The feudal system is still so strong in rural areas of Pakistan that the people's allegiance to their landlords converts into unstinting loyalty at the polls.

"Since Oct. 18, we have been anxiously awaiting her - she is our leader," said Abdul Ghafoor Leghari, 51, keeper of the white-domed mausoleum where her father, who was executed in 1978, and her two brothers, who also met violent deaths, are buried along with seven generations of Bhuttos.

It is here that Bhutto intends to visit on Saturday, to visit her father's grave and again lay claim to his legacy.

"The whole place has been cleaned and the whole village has been celebrating her arrival," Leghari said.

He dismissed suggestions that Bhutto was delaying the visit because of fears for her security.

"She is the daughter of a martyr," Leghari said. "She is not a coward."

In the town of Larkana, Bhutto's supporters at the party office said the Karachi attack, which killed many party workers, were an attempt to intimidate them.

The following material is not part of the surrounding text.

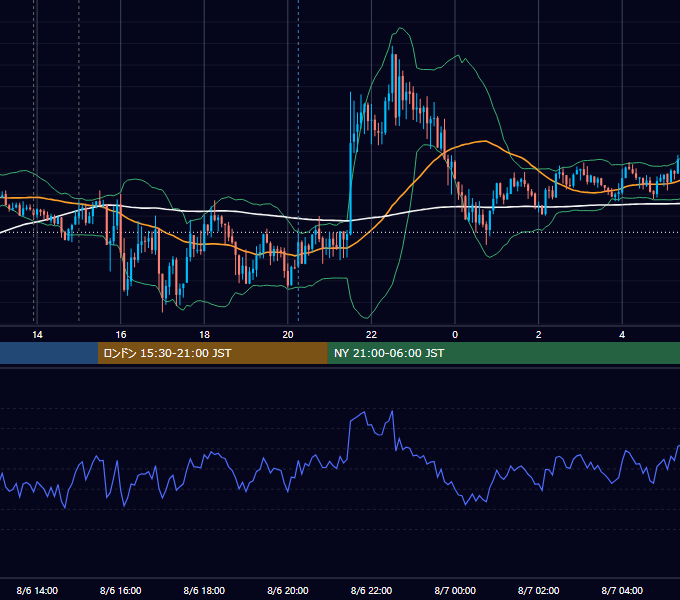 2021年8月6日（金） GBP/JPY 5分足チャート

Three people from Larkana died in the explosions and three were wounded, they said.

"The workers will not be scared - they are ready to sacrifice their lives," said Saleem Soomro, a party official. "Pakistan's stability and the well-being of the young people depend on her."

There is one voice of opposition, though, that will irritate Bhutto. It is that of her own sister-in-law, Ginwa Bhutto, who is Lebanese and the widow of her second brother, Murtaza Bhutto, who arrived in Larkana ahead of Bhutto this week.

The two women have been bitter rivals since Murtaza was gunned down by the police only meters from his home in Karachi in 1996, during Bhutto's second term as prime minister. Murtaza widow holds Bhutto responsible for his death and now heads a rival faction of the Pakistan Peoples Party in the name of her late husband.

She said in an interview here that she intended to run in the parliamentary elections due in January in an adjacent constituency to Bhutto's. Although her following remains small compared with that of Bhutto's, her presence will be a thorn in Bhutto's side, and possibly a security concern. Murtaza's supporters denied that there would be trouble from their side.

"Benazir is also our sister," said Abdul Hamid, 18, a Murtaza supporter who was sitting outside the party office. "It is not dangerous to come here. This is her own village."

Security aside, Bhutto will have her work cut out to meet expectations, even here in her home district. The poverty of the rural population is evident and people complain of inflation, unemployment and lawlessness, and they expect Bhutto to change that.

"There is no other leader than her in Pakistan," said Raza Muhammad, 51, a tailor with a shop in Larkana town. "She is the best option for the poor."

Mushtaq Ahmed, a 30-year-old rickshaw driver, said he barely made $2 a day. "If she comes to power, things will improve," Ahmed said. "Larkana got a lot of benefits when she was in power before. Now we hear a lot of money is coming from the West, but the contractors get away with everything."

Muhammad added: "The poor can hardly make ends meet. Rice, which is grown in our own area, is so expensive. How can leaders, who have big houses and cars, know the difficulties of the poor."

Supporters of Benazir Bhutto dismissed allegations that she amassed great wealth during her time in power as the jealousy of rivals. One supporter is Ejaz Ahmed Bhatti.

"Mohtarma Bhutto is the top leader," he said, using an honorific title that means respected one. "She is highly qualified, motivated, intelligent and loyal. She is worried about the poor people. There is no match for her."